What’s the most interesting aspect of your job?

I absolutely love working on cutting edge science because it’s the most exciting and you get the chance to work with people at the top of their game clinically and scientifically. Also, you get to do something that no one has ever done before.

I have worked on drugs that have gone all the way through into clinical use. An exciting, very recent, piece of work was on a new approach to treat systemic amyloidosis. We have worked with Professor Sir Mark Pepys and his team at UCL for five years to undertake a clinical trial and we have shown that the mechanism works to clear amyloid deposits from patients. It is a great milestone for the new intervention and it will be moving to phase 2 trials soon.

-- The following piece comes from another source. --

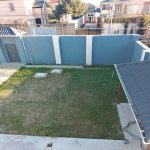 Satılır 4 otaqlı Həyət evi/villa, Binə qəs., Xəzər rayonu 34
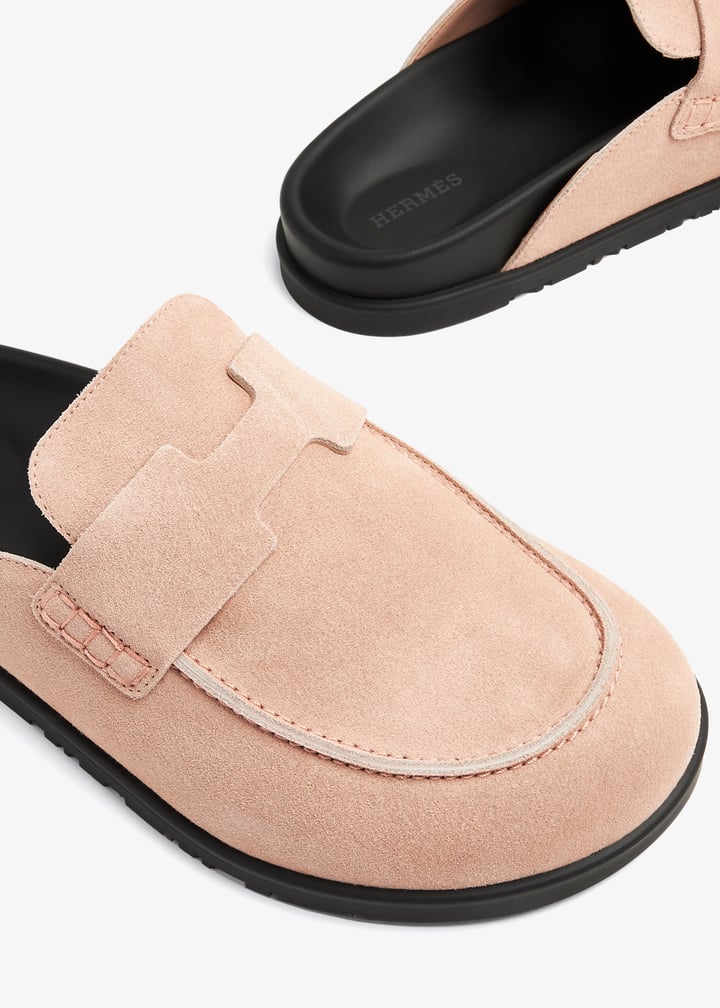 gomule-beige_4.jpg?ts=20231124034119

What are your research interests?

For my team the sort of people we are looking to recruit will have their CCT (certificate of completion of training) and having evidence of research experience would be a strong advantage. If you move into industry you can train for a CCT in pharmaceutical medicine, which is a good speciality, but we need a mix of expertise. My strong recommendation, if you would like to be involved in research and development in the pharmaceutical industry, would be to do your PhD and qualify with your CCT and then make the move. A CCT in a speciality like CPT offers advantages as research training forms a key part of this programme. Also, you always leave the door open for a move into (or back to) academic life. If you can do a sabbatical while you are training that’s even better. Many people do move at Senior House Officer (now a second year Foundation doctor or very early in specialty training) level, qualify in pharmaceutical medicine and tend to get involved in medical affairs and have a more commercial focus.

The reason that a solid research background is so important is because drug development is difficult! You will be dealing with very senior academics at the forefront of their fields and working on complicated science. You really need to have the experience to navigate through that.

What one piece of advice would you give to someone seeking a career in clinical pharmacology?

Making a medicine is really exciting and it’s a privilege to do it – you need to be motivated by that and the fact that a clever piece of science can make a difference to patients.